Just how PRODUCTIVE is YOUR school district?
"District Productivity Index" (DPI) analyses of all Ohio School Districts 

What is "DPI"?

"DPI" is an acronym for "District Productivity Index," and is a measure of the fiscal effectiveness/efficiency with which a school district achieves its performance results.

With money becoming increasingly tighter for both taxpayers and school districts, more attention is being focused not only on school performance, as represented by ODE Achievement Test results, but just how effectively schools are using their funding to achieve their results.

Schools are businesses.  Their "product" is young men and women who emerge from high school equipped with the knowledge and skills to live independently and to become productive members of society.

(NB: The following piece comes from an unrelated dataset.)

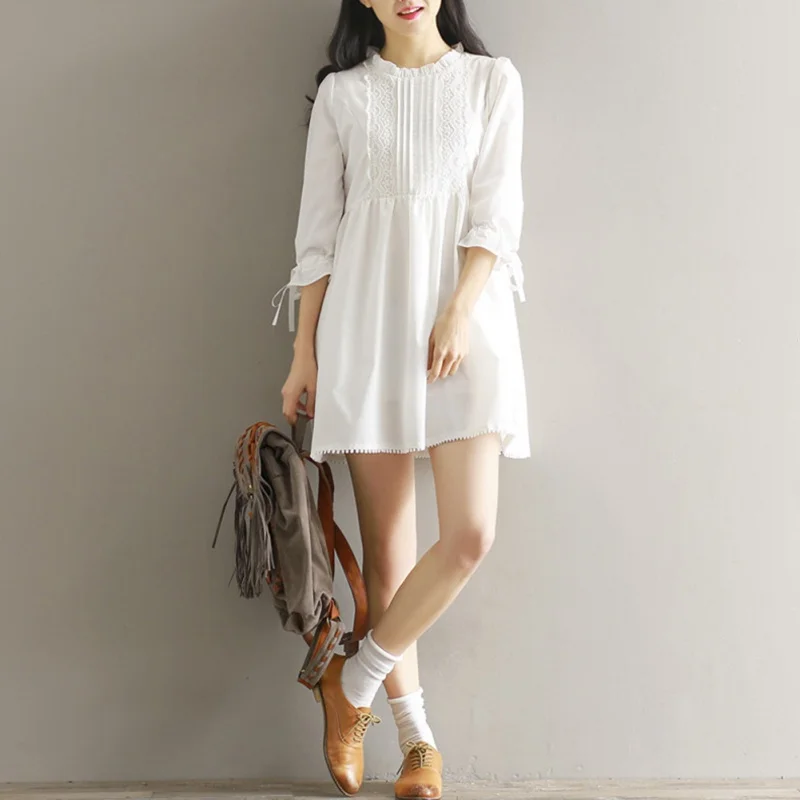 

Women White Lace Summer Dress Fashion Strap Long Sleeve Tie Straps Loose Dress Clothing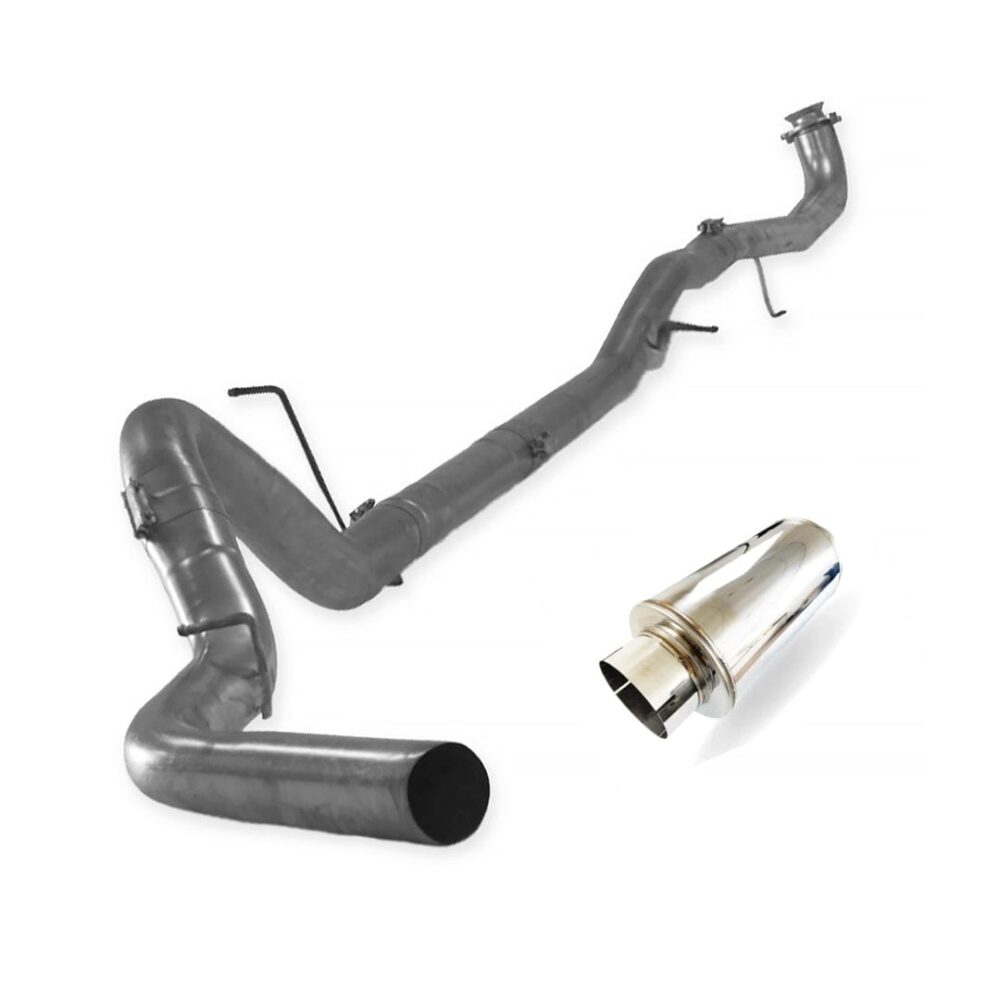 Black Bandit Race Exhaust 5 inch / With Muffler Down pipe Back Race Exhaust System GM Duramax L5P (2017 2023)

Taxpayers "invest" in these businesses.  And they want to make sure their tax dollars are being used wisely.

Until now, there has been no single measure with which one could compare school districts with a "Return on Investment" measure ... a way of quantifying the fiscal effectiveness/efficiency with which district boards and administrations achieve their results.

That is the purpose of the "District Productivity Index" or DPI.

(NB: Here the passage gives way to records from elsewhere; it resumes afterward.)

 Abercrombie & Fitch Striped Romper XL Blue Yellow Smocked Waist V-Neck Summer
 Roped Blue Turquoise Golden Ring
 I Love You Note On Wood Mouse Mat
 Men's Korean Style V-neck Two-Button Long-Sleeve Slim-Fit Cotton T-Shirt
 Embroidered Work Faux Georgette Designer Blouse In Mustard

How, for example, do you compare a suburban district which consistently scores in the 98th percentile of all Ohio districts, but which spends nearly $15,000 per pupil to do so, with a rural district which performs in the 12th percentile, and which spends less than $10,000 per student?  

How about a district with achievement in the 91st percentile, and which accomplishes this with just over $7500 per student?

Or a district which spends $14,000 per pupil, but achieves in the 6th percentile?

You compare these schools by looking at their performance per dollar spent per pupil.